Jeffrey S. Corben, FACSM1, Sara A. Cerrone1, Julie E. Soviero1, Susan Y. Kwiecien2, Stephen J. Nicholas2, Malachy P. McHugh, FACSM2.

PURPOSE:Postgame muscle fatigue has been described for baseball pitchers (Mullaney et al 2005) but little is known about fatigue patterns in softball pitchers.

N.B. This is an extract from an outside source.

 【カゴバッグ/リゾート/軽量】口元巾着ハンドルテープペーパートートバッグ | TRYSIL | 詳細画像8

The purpose of this study was to examine muscle fatigue after fast-pitch softball performances to provide an assessment of performance demand.

METHODS:Bilateral strength measurements (hand-held dynamometer) were made on 19 female softball pitchers (age 15.2±1.2 yr) prior to and after pitching a game (99±21 pitches, 5±1 innings). 21 tests were performed on the dominant (dom) and nondominant (ndom) sides: forearm (grip, wrist flexion/extension, pronation/supination, elbow flexion/extension), shoulder (flexion, abduction/adduction, external/internal rotation, empty can test), scapula (middle/lower trapezius, rhomboid) and hip (hip flexion/extension, abduction/adduction). Fatigue (% strength loss) was categorized based on bilateral vs. unilateral presentation using paired t-tests: Bilateral Symmetric (significant on dom and ndom, and not different between sides), Bilateral Asymmetric (significant on dom and ndom, but significantly greater on dom), Unilateral Asymmetric (significant on dom only, and significantly greater than ndom), or Unilateral Equivocal (significant on dom only but not different from ndom).

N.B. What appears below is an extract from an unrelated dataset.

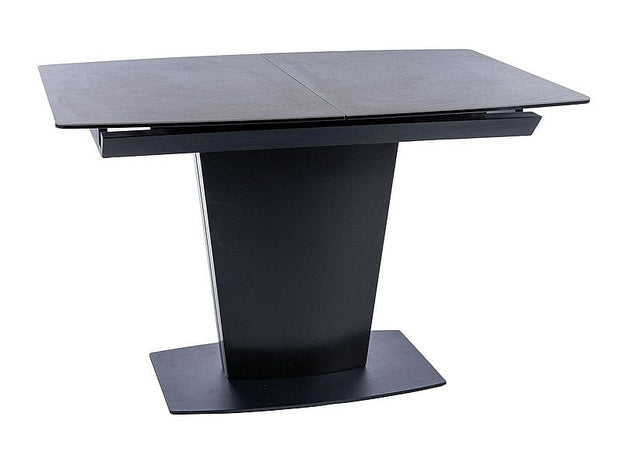Signal Set masa extensibila din ceramica, sticla, MDF si metal, Brian Negru + 4 Scaune tapitate cu stofa si picioare metalice, Chase Velvet Bej / Negru, L120-160xl85xH76 cm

RESULTS:Bilateral Symmetric fatigue was evident for all hip tests (dom 19% ndom 15%) and scapula tests (dom 19% ndom 19%). In general, shoulder tests exhibited Bilateral Asymmetric fatigue (dom 17% ndom 12%). Forearm tests were more variable, with Bilateral Symmetric fatigue in the elbow flexors (dom 23% ndom 19%), and wrist flexors (dom 22% ndom 19%), Bilateral Asymmetric fatigue in the supinators (dom 22% ndom 16%), Unilateral Asymmetric fatigue in the elbow extensors (dom 22% ndom 11%) and Unilateral Equivocal fatigue in the pronators (dom 19% ndom 15%) and grip (dom 11% ndom 7%).

CONCLUSIONS:Previously baseball pitching was characterized by dominant shoulder fatigue, with minimal scapula or hip fatigue (Mullaney et al 2005). By contrast, softball pitching resulted in profound bilateral fatigue in the hip and scapular muscles with more selective fatigue in the shoulder and arm muscles. These findings emphasize the importance of strength in the proximal musculature to provide a stable platform for the arm to propel the ball.

Author affiliations:

1 Central Physical Therapy, Garden City, NY.

2 Nicholas Institute of Sports Medicine and Athletic Trauma, Lenox Hill Hospital, New York, NY.